Yes, it does appear to have come from a woman. Seeing as I just read last night a woman talking about how she thinks other women need less rights (and no, it wasn’t Ann Coulter), I am no longer surprised by misogynist women.
It is, as you say, done both socially and through the coding: women are taught to hate on each other. We’re taught that it’s natural to be “catty”, to backstab, and to shun each other. And, especially for those of us trying to make it in a “man’s world” (such as gaming), we face that pressure even more because, we think, as long as we are “one of the boys” (and not like those weepy, irrational, emotional women) we are somehow safe.

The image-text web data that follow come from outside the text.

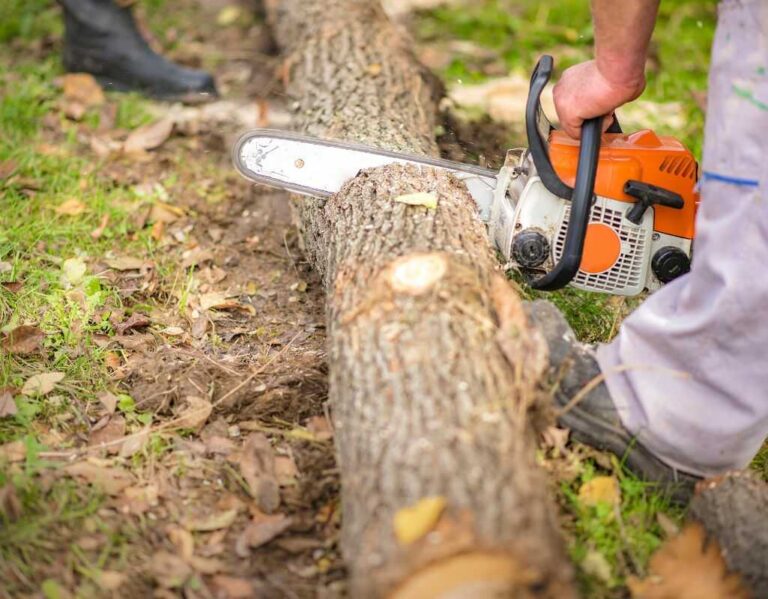 Czy można dostać karę za wycięcie drzewa? Kompletny poradnik 2025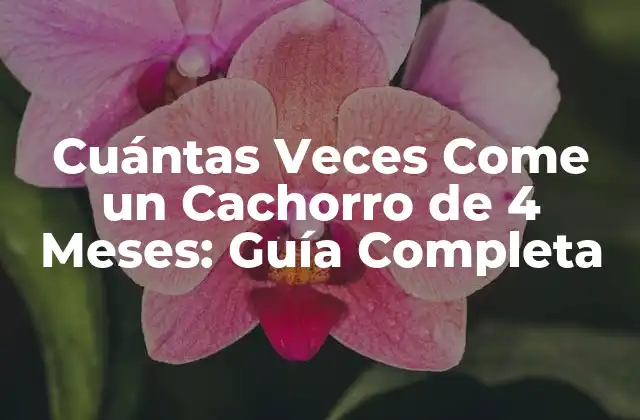 Cuántas Veces Come un Cachorro de 4 Meses: Guía Completa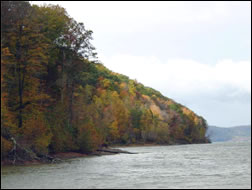 Cave Run Lake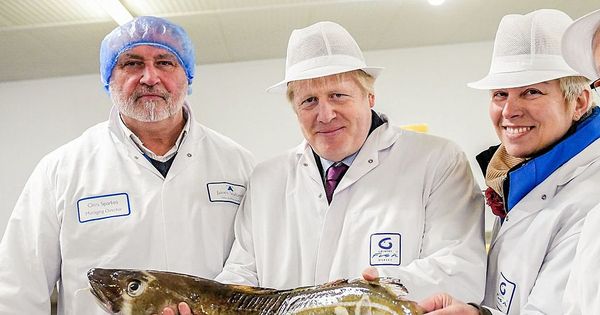 General election: What happens now if Jeremy Corbyn, Boris Johnson or no one win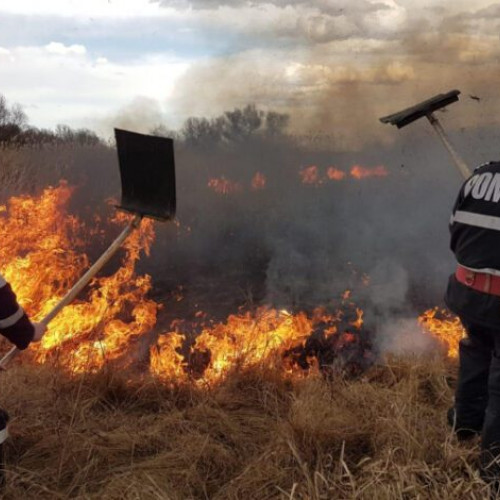 Peste 400 de hectare de teren agricol afectate de incendii în județul Buzău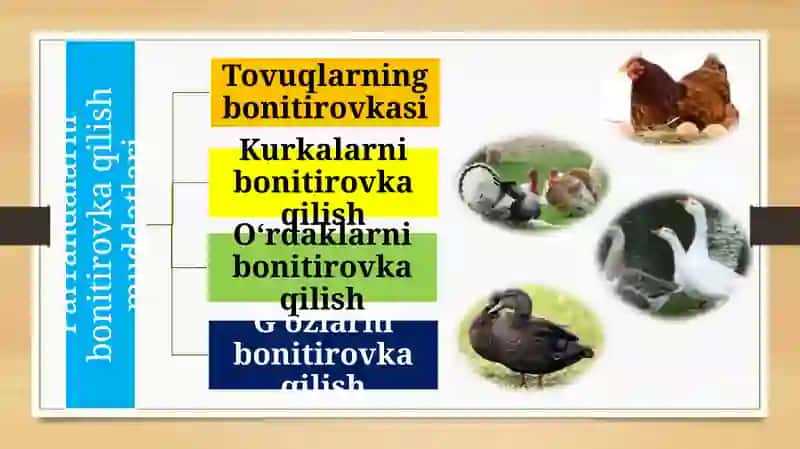 PARRANDALAR NASLINING SIFATI BO‘YICHA BAHOLASH,SIFATLASH(BONITROVKA),SUN’IYURUG‘LANTIRISH 3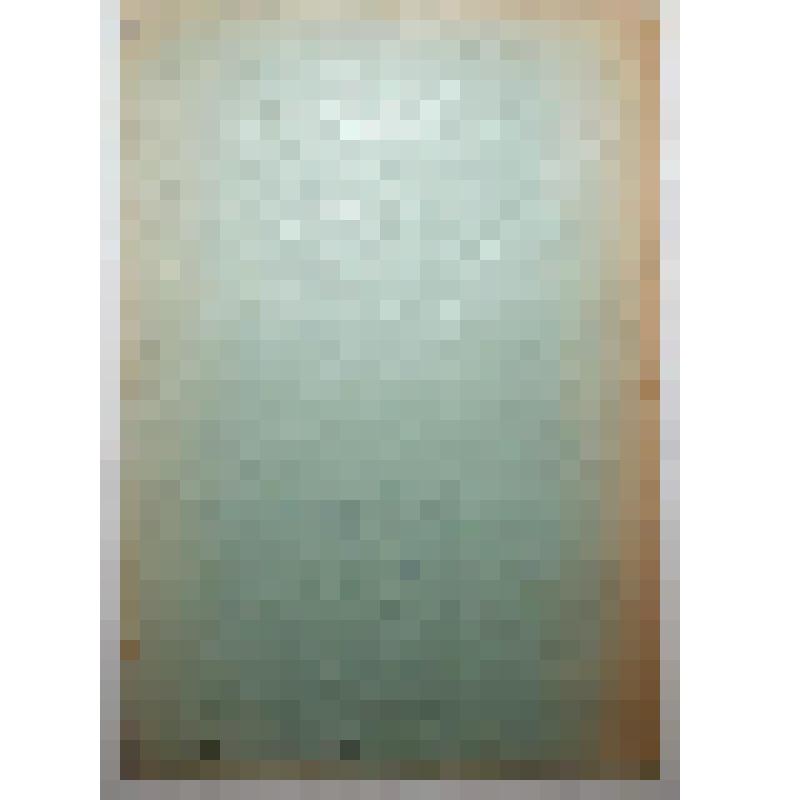 Книга. Племенной бык. Типо-литография "Вестник Ленинградского Совета"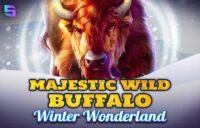 Majestic Wild Buffalo — Winter Wonderland logo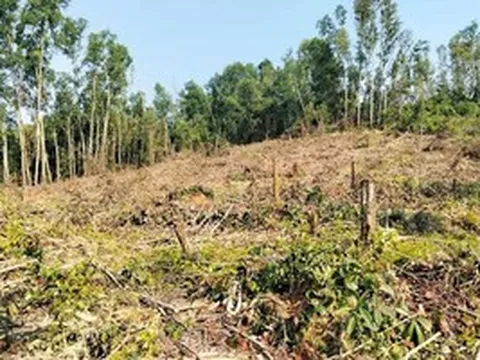 Nguyên giám đốc khai thác rừng trái phép, đơn vị quản lý “quên” báo cáo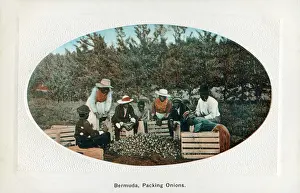 Packer: Bermuda - Packing Onions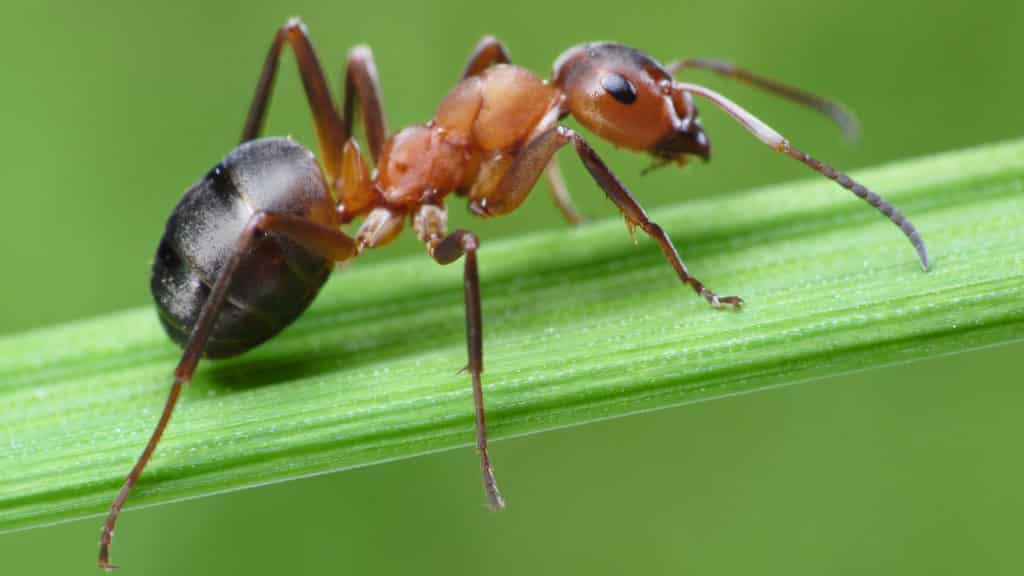Hausmittel Gegen Ameisen Einfach Und Effektiv Gartenzeile De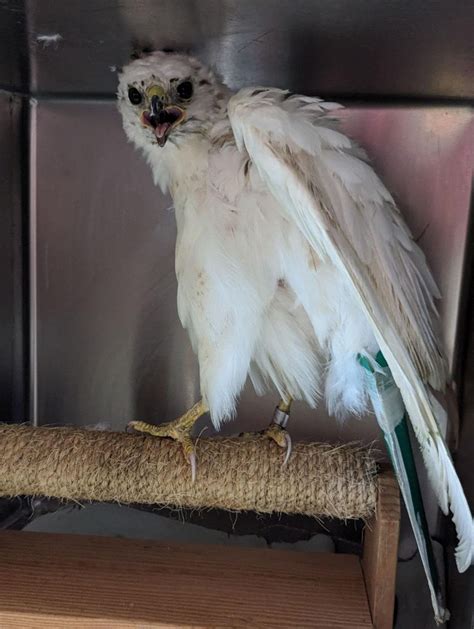 Rare leucistic red-tailed hawk rescued, released back into San Benito County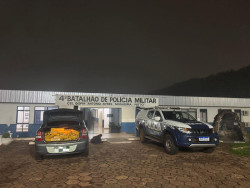 Homem é preso com mil tabletes de maconha na fronteira de MS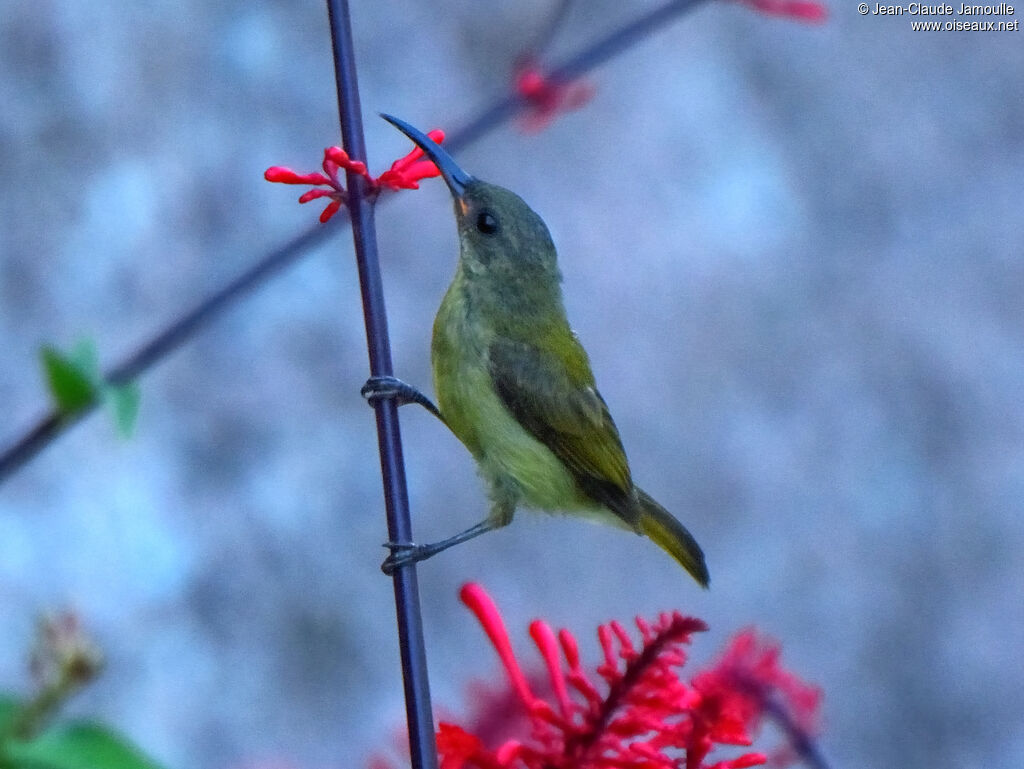 Olive Sunbird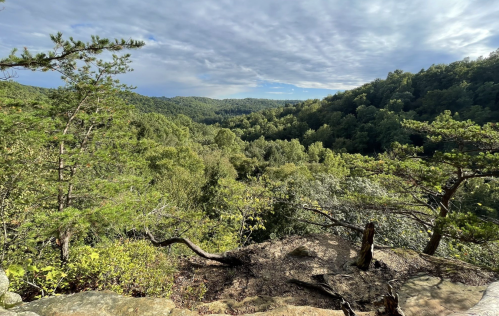 A panoramic view of a lush green valley surrounded by hills under a partly cloudy sky.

It’s both infurating and incredibly sad at the same time, but I don’t really know what to do about it except for trying to raise awareness about the problem of the issue, and do our best to provide rolemodels of female friendship in the media that we produce.
Andrea Dworkin’s Right-Wing Women looked at this phenomenon; from a fictional perspective, Handmaid’s Tale did, too — what was her name, Serena Joy?
(Hoping this won’t be too much of a tangent from the main thread — I’m asking about this primarily because I think the answer might shed interesting light on the topic at hand.)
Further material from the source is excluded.